== PROBLEM ==
If a line of the data below contains the string "Stockfoto", copy it into your answer.

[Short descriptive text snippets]
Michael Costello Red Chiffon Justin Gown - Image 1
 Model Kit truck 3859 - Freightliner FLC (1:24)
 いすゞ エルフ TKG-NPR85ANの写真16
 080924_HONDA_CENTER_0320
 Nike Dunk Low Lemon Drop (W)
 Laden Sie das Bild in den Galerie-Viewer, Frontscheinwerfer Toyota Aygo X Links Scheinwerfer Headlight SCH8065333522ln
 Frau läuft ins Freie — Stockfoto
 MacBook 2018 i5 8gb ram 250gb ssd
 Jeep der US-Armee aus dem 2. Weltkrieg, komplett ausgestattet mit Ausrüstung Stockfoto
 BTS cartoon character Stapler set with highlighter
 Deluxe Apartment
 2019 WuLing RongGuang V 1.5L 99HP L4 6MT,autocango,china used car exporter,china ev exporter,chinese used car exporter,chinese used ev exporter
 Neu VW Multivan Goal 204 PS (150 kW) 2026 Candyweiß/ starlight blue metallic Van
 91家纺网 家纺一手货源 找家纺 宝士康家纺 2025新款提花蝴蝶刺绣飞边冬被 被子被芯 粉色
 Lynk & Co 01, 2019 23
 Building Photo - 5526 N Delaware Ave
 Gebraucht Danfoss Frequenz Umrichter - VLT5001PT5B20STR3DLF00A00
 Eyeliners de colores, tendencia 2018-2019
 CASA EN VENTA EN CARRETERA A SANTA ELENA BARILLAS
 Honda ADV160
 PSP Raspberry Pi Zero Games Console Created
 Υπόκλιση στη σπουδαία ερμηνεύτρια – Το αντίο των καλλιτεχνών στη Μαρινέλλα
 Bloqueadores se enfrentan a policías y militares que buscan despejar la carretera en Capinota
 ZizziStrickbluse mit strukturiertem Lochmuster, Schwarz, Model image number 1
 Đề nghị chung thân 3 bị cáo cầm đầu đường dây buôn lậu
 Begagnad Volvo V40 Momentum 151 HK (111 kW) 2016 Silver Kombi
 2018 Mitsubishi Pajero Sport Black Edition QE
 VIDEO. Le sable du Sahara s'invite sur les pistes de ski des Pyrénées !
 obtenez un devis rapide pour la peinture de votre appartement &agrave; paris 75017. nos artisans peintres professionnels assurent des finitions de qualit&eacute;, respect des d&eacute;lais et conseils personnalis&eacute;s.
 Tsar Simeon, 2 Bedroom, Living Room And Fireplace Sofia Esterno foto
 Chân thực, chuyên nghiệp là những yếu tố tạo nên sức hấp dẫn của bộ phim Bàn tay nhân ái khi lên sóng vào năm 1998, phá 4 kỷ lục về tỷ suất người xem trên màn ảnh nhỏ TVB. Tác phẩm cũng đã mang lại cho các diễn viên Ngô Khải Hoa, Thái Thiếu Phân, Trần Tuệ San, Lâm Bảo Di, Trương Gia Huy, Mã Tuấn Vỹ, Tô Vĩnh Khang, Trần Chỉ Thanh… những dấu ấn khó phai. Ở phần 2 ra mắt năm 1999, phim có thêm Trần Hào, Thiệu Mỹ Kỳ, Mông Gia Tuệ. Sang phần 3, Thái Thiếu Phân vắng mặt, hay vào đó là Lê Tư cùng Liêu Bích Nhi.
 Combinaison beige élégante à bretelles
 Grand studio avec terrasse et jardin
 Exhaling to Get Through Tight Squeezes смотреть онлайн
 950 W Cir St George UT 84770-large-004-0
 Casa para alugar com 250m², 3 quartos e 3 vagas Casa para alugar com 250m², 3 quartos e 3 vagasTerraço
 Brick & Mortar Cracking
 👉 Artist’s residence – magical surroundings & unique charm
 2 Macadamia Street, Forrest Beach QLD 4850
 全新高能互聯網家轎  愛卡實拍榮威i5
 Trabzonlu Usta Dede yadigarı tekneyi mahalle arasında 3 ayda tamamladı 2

== RESPONSE FOR THIS EXERCISE ==
 Frau läuft ins Freie — Stockfoto
 Jeep der US-Armee aus dem 2. Weltkrieg, komplett ausgestattet mit Ausrüstung Stockfoto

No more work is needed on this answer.